TEMPO.CO, Jakarta - Yayasan Lembaga Konsumen Indonesia (YLKI) menilai kenaikan tarif ojek online atau ojol belum layak dilakukan saat ini. YLKI pun membandingkan dengan kenaikan tarif angkutan umum resmi yang hingga saat ini belum ada penyesuaian.
Sekretaris Harian YLKI Agus Suyatno mengatakan, pasca kenaikan tarif ojek online September 2019 lalu, tidak ada kajian atas pelayanan ojol pengguna dari aspek keamanan. Juga, pendapatan pengemudi ojol turun karena kebijakan aplikator yang jor-joran merekrut anggota baru, tanpa mempertimbangkan tingkat permintaan dan suplai.
Tak hanya itu, turunnya pendapatan pengemudi juga tergerus oleh promo yang diberikan oleh pihak ketiga, seperti OVO dan Gopay. Promo tersebut masih diperbolehkan asal tidak melewati ketentuan tarif batas bawah. "Hal ini yang seharusnya diintervensi Kemenhub, bukan melulu kenaikan tarif," kata Agus kepada Bisnis.com, Rabu 29 Januari 2020.
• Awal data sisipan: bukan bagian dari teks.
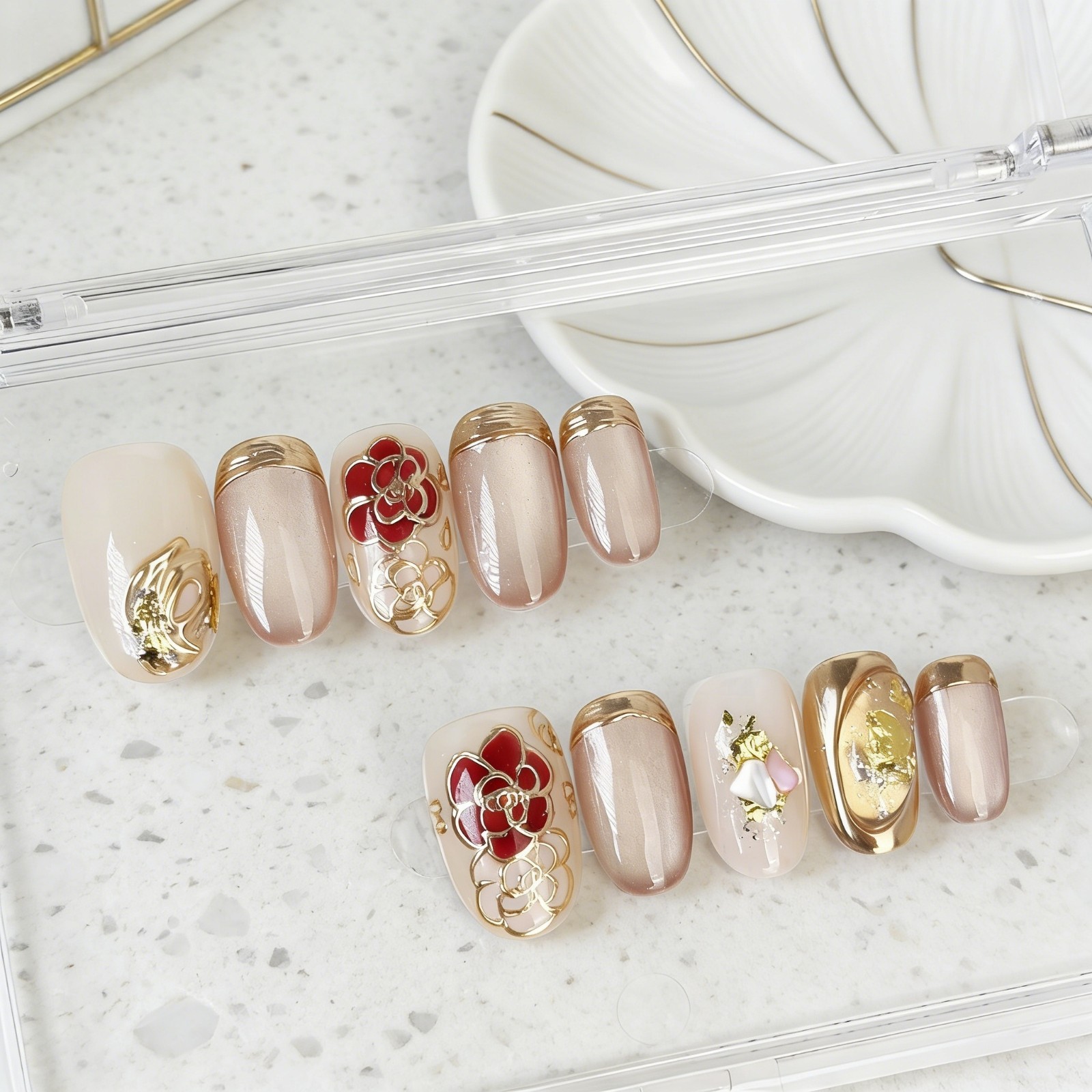 Nude Pink Floral Press On Nails Oval Gold Foil Handmade Elegant Set Gift For Her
Menurut dia, formulasi kenaikan tarif ojek online pada September 2019 sudah mencerminkan tarif yang sebenarnya dan sesuai dengan biaya pokok dengan margin laba yang sewajarnya. Selama tiga bulan inipun belum ada dinamika eksternal yang secara signifikan berpengaruh terhadap biaya operasional ojol, misalnya kenaikan harga BBM.
Agus menilai alasan kenaikan tarif ojek online karena naiknya iuran Badan Penyelenggara Jaminan Sosial (BPJS) Kesehatan juga tidak relevan. Sebab pihak aplikator ojek online tidak menanggung BPJS Kesehatan pengemudinya.